__Problem to solve__. Only one span of the listing below should come back. It runs from the line with "Custom Initial Women" through the line with "Nike Men Dri-fit", and each of its lines must be reproduced exactly.

__Material provided__.
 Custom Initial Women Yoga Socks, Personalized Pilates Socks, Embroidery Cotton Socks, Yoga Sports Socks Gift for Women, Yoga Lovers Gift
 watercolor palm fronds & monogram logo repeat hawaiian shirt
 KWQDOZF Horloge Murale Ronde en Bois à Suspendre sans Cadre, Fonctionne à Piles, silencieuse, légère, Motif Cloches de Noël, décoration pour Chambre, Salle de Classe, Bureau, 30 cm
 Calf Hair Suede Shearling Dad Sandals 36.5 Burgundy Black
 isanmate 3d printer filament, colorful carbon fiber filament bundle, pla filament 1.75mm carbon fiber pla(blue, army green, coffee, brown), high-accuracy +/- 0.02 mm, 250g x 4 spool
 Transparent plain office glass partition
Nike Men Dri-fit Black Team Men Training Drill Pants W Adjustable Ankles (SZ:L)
--
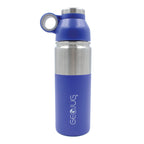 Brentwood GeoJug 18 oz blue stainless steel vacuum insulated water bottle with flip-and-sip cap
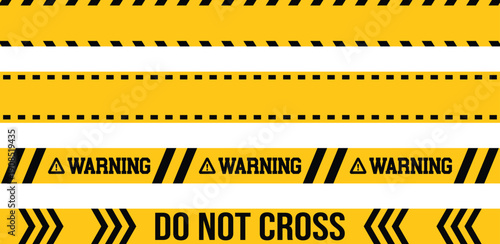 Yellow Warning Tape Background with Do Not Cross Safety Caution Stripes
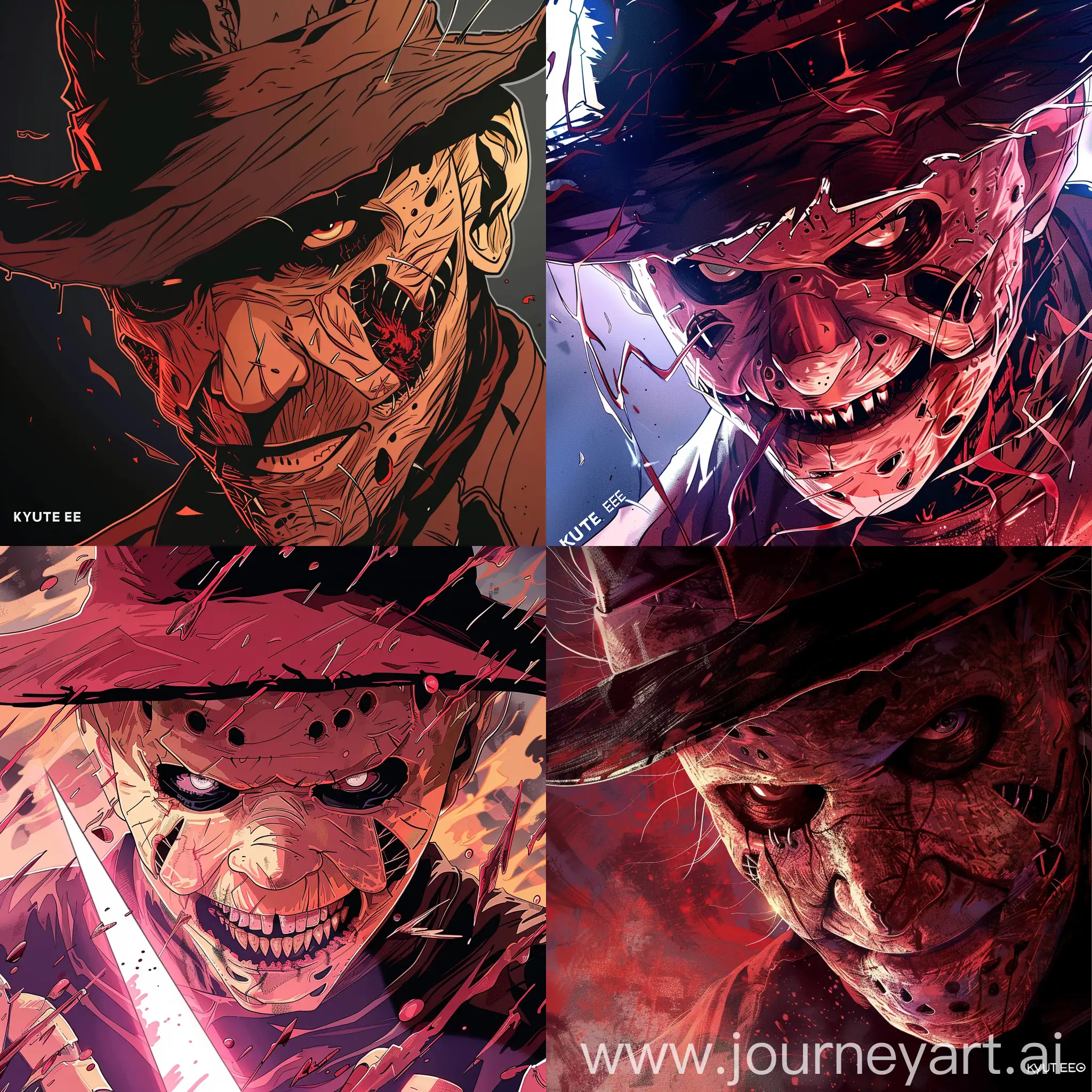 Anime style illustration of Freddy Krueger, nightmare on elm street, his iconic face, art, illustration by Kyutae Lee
---
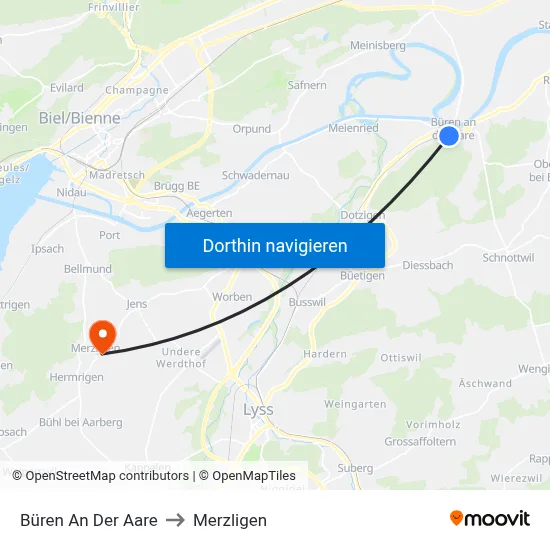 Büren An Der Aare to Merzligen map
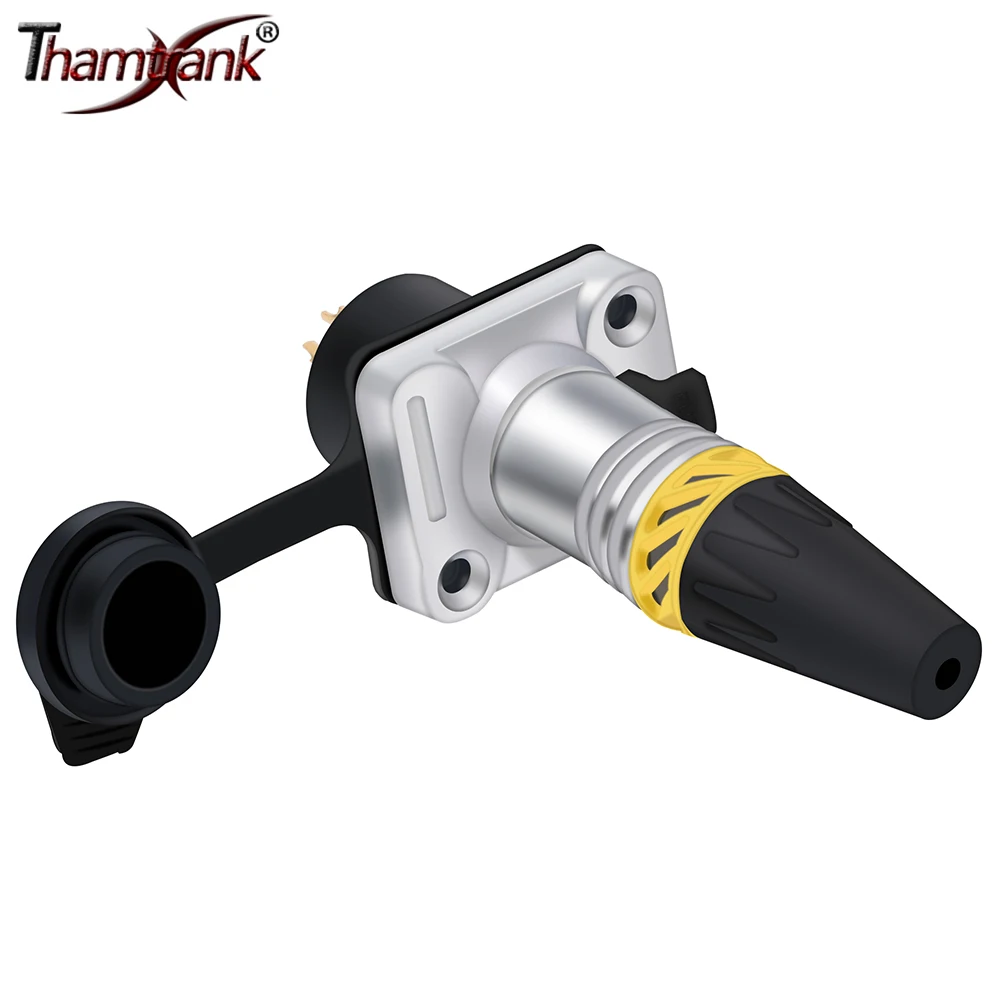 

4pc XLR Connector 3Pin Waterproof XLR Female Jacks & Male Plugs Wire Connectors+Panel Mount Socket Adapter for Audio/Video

__Your solution__.
 Custom Initial Women Yoga Socks, Personalized Pilates Socks, Embroidery Cotton Socks, Yoga Sports Socks Gift for Women, Yoga Lovers Gift
 watercolor palm fronds & monogram logo repeat hawaiian shirt
 KWQDOZF Horloge Murale Ronde en Bois à Suspendre sans Cadre, Fonctionne à Piles, silencieuse, légère, Motif Cloches de Noël, décoration pour Chambre, Salle de Classe, Bureau, 30 cm
 Calf Hair Suede Shearling Dad Sandals 36.5 Burgundy Black
 isanmate 3d printer filament, colorful carbon fiber filament bundle, pla filament 1.75mm carbon fiber pla(blue, army green, coffee, brown), high-accuracy +/- 0.02 mm, 250g x 4 spool
 Transparent plain office glass partition
Nike Men Dri-fit Black Team Men Training Drill Pants W Adjustable Ankles (SZ:L)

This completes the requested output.